La Source de M. Thirion est sans doute la nymphe Hippocrène. Assise dans un fond de paysage dont les arbres aux verts métalliques et les rochers aux irisations de pierreries rappellent la manière de M. Gustave Moreau, elle regarde un poète qui est venu boire ses eaux magiques et auquel un petit Amour présente une coupe d’or. L’invention est, comme on voit, assez pauvre, mais la peinture est bonne : dessin correct, modelé souple, carnations d’un gris rosé très lumineux. L’Idylle de M. Raphaël Collin, un nom qui paraît cependant prédestiné, a pour personnages un Daphnis dans le costume d’Adam et une Chloé dans le costume d’Eve, devisant sur la lisière d’une forêt. Ces deux figures sont traitées dans le parti-pris de plein air à la mode ; c’est-à-dire que, sans ombre ni lumière, elles se découpent comme de plates silhouettes dans une demi-teinte uniforme. Si encore elles rachetaient ce manque de relief et de couleur par le sentiment ou par le dessin ! Mais quel galbe pauvre et vide ! quelle expression banale ! M. Priou fait réveiller la fée du Printemps par un essaim d’amours qui murmurent à son oreille des chansons voluptueuses et enlèvent les voiles diaphanes dont elle est vêtue. C’est la grâce par le maniérisme. Figurez-vous une nymphe de Bouguereau avec plus de légèreté dans les draperies, qui laissent transparaître des chairs d’une pâte plus ferme et plus grasse.

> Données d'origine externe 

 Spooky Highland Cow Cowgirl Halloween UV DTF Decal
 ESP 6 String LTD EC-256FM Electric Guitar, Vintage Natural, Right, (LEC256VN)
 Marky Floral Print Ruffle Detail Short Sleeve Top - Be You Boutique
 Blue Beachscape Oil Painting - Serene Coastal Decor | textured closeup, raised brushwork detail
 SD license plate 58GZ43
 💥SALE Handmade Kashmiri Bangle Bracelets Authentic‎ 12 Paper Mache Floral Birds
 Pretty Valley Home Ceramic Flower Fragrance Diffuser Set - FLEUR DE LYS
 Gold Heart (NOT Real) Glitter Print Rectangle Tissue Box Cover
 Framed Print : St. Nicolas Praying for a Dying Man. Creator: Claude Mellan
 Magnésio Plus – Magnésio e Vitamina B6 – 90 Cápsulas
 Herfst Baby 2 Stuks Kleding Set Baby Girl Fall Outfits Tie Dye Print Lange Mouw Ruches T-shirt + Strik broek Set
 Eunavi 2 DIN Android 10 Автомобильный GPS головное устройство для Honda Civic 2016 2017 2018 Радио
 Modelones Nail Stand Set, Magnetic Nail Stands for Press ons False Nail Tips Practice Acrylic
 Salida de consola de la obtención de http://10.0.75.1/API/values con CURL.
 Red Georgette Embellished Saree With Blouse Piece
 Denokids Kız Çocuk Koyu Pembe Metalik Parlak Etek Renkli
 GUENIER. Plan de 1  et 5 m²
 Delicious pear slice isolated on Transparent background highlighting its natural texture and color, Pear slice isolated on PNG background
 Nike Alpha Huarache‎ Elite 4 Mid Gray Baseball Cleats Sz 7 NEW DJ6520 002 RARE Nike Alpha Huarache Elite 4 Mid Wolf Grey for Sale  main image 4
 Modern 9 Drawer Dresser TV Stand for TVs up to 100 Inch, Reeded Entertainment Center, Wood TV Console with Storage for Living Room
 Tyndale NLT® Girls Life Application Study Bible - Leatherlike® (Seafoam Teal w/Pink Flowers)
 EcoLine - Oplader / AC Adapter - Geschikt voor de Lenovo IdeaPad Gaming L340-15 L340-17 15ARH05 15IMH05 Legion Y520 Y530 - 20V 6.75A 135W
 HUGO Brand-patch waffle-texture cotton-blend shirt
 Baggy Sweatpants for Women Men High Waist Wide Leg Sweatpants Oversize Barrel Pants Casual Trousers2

La Vérité, de M. Paul Baudry, a déjà été exposée, dans un cercle. Nous en avons loué ici[1] la couleur nacrée et l’adorable vénusté. M. Ary Renan portera dignement un nom illustre. Il n’est pas besoin de recourir au livret pour voir que ce tout jeune peintre est élève de Puvis de Chavannes. On le pressent à la vue de ce tableau qui, dans un petit cadre, a le caractère de la grande peinture. Le Plongeur vient de remonter à la surface de la mer. Brisé et mourant,

  1. Voyez la Revue du 1er mars 1880.